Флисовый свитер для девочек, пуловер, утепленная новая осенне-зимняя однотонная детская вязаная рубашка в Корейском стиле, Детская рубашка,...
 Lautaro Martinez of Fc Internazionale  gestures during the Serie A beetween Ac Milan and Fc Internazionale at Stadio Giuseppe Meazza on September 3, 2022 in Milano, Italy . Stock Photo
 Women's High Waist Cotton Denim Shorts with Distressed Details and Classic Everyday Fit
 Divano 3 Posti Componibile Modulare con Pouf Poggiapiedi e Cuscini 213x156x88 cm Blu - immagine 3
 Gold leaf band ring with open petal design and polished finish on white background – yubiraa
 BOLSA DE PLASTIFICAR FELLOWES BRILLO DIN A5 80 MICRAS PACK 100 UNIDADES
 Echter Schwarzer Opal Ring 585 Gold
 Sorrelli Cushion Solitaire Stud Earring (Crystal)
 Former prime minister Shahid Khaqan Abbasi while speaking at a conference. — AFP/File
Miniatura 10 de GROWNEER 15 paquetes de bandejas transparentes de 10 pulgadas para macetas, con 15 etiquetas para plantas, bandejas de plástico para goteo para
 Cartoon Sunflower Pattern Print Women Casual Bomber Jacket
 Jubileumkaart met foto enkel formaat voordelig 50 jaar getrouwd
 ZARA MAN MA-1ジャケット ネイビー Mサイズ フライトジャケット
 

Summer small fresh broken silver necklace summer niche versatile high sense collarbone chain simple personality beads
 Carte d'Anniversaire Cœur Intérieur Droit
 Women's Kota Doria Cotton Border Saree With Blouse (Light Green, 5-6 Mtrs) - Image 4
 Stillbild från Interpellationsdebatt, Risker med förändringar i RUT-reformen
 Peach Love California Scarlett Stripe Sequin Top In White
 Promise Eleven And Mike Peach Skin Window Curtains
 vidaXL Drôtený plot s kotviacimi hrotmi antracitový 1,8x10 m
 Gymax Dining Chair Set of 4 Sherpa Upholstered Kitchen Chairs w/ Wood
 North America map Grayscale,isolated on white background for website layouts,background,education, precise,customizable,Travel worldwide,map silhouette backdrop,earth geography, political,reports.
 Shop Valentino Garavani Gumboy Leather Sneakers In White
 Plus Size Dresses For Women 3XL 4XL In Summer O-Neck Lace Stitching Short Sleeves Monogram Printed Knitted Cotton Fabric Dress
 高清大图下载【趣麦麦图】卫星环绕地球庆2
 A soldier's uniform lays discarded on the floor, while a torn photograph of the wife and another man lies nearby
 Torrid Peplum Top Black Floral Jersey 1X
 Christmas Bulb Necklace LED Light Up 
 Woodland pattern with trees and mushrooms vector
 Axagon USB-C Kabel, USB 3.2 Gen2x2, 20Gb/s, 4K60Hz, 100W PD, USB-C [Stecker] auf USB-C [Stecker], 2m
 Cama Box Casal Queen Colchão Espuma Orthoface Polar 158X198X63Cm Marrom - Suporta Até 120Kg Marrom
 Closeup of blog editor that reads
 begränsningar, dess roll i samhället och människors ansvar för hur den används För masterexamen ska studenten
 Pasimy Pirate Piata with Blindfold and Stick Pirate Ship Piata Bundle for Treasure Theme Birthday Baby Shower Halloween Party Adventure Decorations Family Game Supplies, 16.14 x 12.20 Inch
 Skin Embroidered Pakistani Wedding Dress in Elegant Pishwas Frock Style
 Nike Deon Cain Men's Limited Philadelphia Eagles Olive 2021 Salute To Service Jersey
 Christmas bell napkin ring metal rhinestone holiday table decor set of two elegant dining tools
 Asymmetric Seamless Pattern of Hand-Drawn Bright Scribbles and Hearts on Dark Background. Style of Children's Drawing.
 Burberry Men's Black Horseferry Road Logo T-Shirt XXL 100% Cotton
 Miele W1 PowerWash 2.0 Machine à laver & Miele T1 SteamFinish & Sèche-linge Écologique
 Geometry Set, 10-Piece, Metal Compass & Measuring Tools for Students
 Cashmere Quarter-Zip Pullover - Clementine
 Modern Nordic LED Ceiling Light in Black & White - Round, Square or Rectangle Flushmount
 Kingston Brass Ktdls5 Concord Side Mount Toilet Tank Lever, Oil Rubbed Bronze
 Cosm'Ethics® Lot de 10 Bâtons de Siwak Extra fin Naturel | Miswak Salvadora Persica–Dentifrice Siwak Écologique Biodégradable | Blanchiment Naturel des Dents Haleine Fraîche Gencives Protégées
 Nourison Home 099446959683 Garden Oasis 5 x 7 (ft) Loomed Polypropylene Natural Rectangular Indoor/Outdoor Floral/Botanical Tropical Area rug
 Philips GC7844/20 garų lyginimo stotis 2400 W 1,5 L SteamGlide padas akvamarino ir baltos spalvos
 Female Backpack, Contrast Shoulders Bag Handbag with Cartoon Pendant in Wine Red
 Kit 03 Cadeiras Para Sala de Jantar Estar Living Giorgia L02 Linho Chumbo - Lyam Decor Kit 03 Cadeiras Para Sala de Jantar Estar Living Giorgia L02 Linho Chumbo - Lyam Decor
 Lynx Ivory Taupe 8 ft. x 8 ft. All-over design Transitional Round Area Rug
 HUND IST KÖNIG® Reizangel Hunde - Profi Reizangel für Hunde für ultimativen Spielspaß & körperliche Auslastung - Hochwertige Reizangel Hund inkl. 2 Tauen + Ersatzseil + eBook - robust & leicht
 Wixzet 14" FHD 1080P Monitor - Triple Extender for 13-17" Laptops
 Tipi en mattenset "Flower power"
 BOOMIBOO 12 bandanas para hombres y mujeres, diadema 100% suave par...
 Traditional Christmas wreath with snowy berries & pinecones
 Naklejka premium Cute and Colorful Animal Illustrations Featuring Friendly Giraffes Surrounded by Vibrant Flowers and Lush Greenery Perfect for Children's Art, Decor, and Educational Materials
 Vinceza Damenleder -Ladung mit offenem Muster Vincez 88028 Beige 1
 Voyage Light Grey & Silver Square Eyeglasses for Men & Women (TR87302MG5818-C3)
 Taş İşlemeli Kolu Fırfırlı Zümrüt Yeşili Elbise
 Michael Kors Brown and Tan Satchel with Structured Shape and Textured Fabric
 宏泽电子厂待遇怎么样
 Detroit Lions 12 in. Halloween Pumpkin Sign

### PROBLEM DETAILS
Up to and including the line that contains "Echter Schwarzer Opal Ring 585 Gold", restate each line of the material above word for word, beginning with its first line.

### RESULT OF THIS EXERCISE
Флисовый свитер для девочек, пуловер, утепленная новая осенне-зимняя однотонная детская вязаная рубашка в Корейском стиле, Детская рубашка,...
 Lautaro Martinez of Fc Internazionale  gestures during the Serie A beetween Ac Milan and Fc Internazionale at Stadio Giuseppe Meazza on September 3, 2022 in Milano, Italy . Stock Photo
 Women's High Waist Cotton Denim Shorts with Distressed Details and Classic Everyday Fit
 Divano 3 Posti Componibile Modulare con Pouf Poggiapiedi e Cuscini 213x156x88 cm Blu - immagine 3
 Gold leaf band ring with open petal design and polished finish on white background – yubiraa
 BOLSA DE PLASTIFICAR FELLOWES BRILLO DIN A5 80 MICRAS PACK 100 UNIDADES
 Echter Schwarzer Opal Ring 585 Gold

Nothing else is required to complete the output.